From: Albert Cahalan <albert@ccs.neu.edu>
Date: Tue, 28 May 1996 23:03:02 -0400 (EDT)

On a 386SX-16?
My guess: value*clockchange*arch = 0.000008*(75/16)*(2*1.5) = 0.0001
Now, multiply that by the number of calls. At 1000/second, the system
would be spending maybe 10% of the time getting entropy. That is
of course a wild guess, but it's better than a BogoMIPS-based estimate.

While I was doing my benchmarking, I tried my hardest to generate as
many entropy samples as possible. The best I could do was about 100
calls per second. So on a 386SX-16, using your estimates, we're talking
about 1% of the time --- and that was when the hard disk was going full
bore. (And on a 386SX-16, it's likely that your disk transfer will
probably be much less, so the number of entropy cycles will probably
much less than 100/second.)

It shows one aspect of performance. You could get a better picture
by running a CPU benchmark at the same time.

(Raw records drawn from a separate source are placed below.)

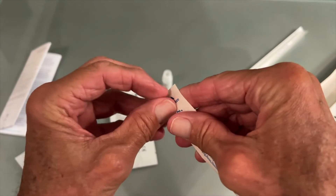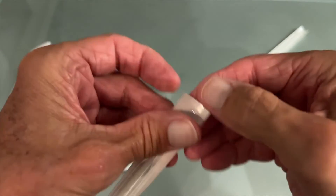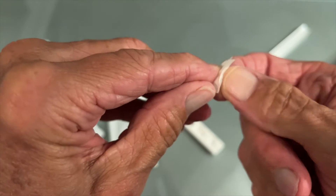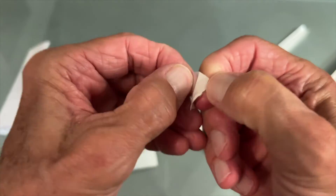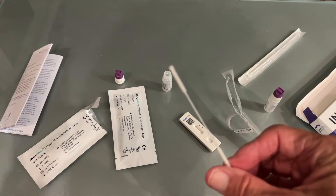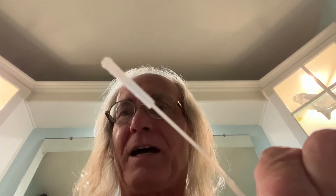I've got to open this up — it says 'peel here,' so let's see if we can do that. There we go, got the edge. Pop that baby open. This is the end you grab with your finger and that's the end you stick up your schnozzle. Let's go — get it up all the way in. Oh, that's pretty juicy. They want both sides.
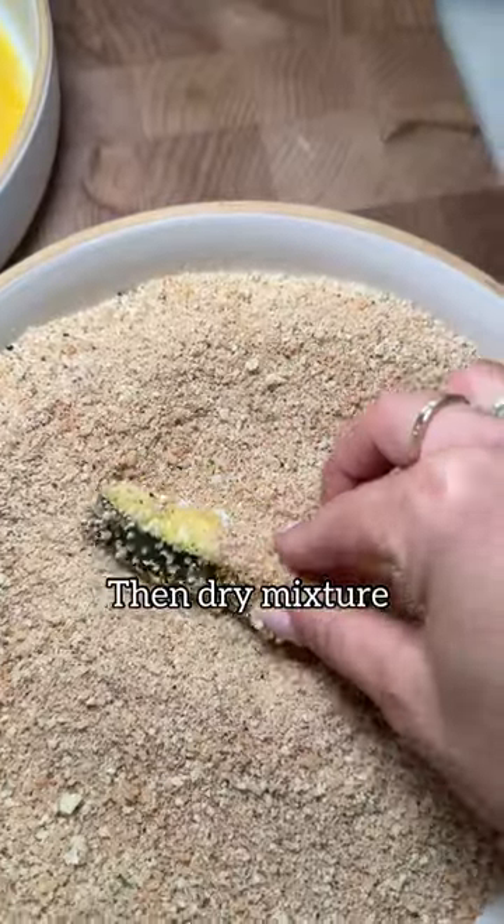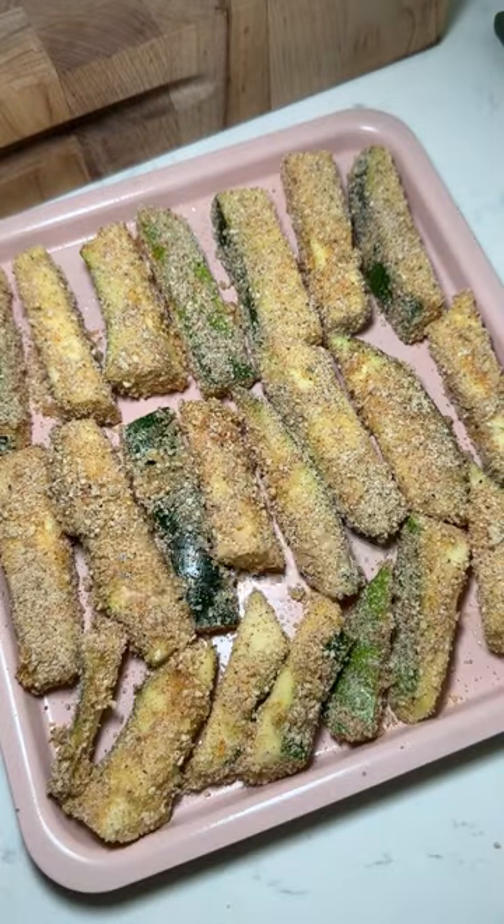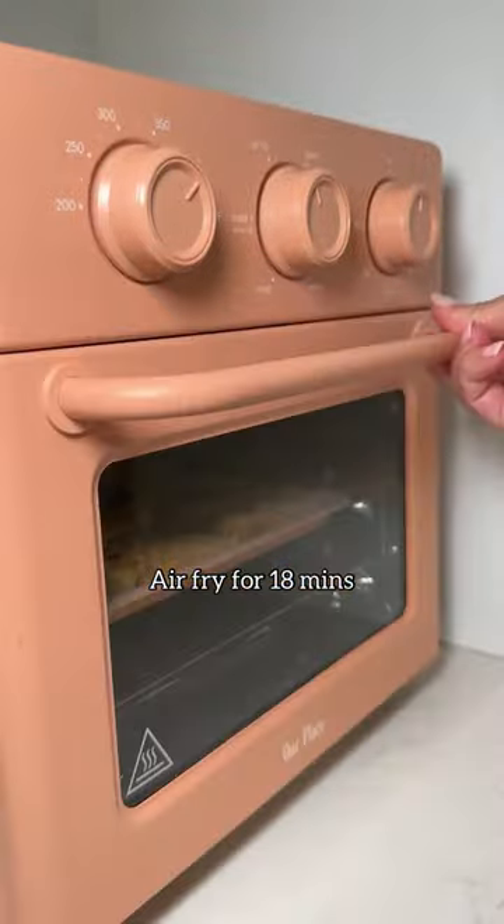You'll dredge that zucchini into the wet mixture and then the dry mixture, and then right onto the air fryer in a single layer. Spray them with some avocado oil and then right into the air fryer for just 18 minutes.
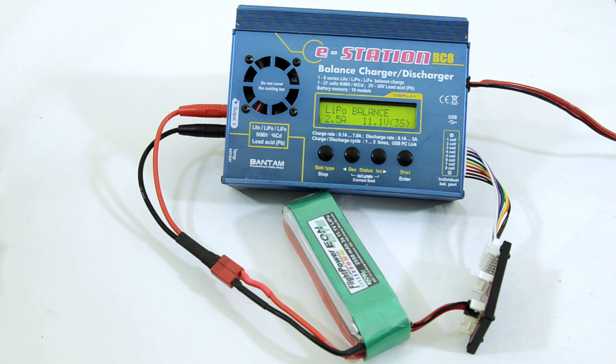This video will show you a very basic charge of a LiPo battery using a Bantam charger. The Bantam chargers' displays are kind of generic, so what goes for one usually goes for all of them.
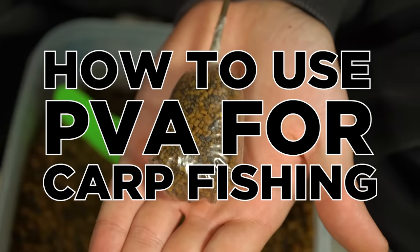Welcome to Fishing Tutorials. In this video we're going to look at how to use PVA for your carp fishing.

OK, let's take a look at the facts, and do some quick calculations.
Using the average of 600 cycles/per call, and your 100 calls/second,
then on a 50 MHz Pentium, the overhead is 0.12% of the CPU. If we
assume your architecture multiplier of (2*1.5), then on a 386SX-16 the
CPU overhead is approximately 1.1%. Permit me not to be terribly
impressed. (Again, on a 386-SX the I/O bandwidth on the bus will likely
be bad enough that you won't be able to get 100 calls to
end_request()/second.)

> It might be possible to move the complicated hash function (which is
> used when you actually read from /dev/random) out to a user-mode daemon,
> but you wouldn't be able to move out to a library, because of user to
> user security concerns. (A random user program can't be allowed to
> directly see random pool, since that would completely compromise the
> security of the random pool.) The real problem with a user-mode daemon,

With a library alone:
You wouldn't keep the old pool after giving it to a user.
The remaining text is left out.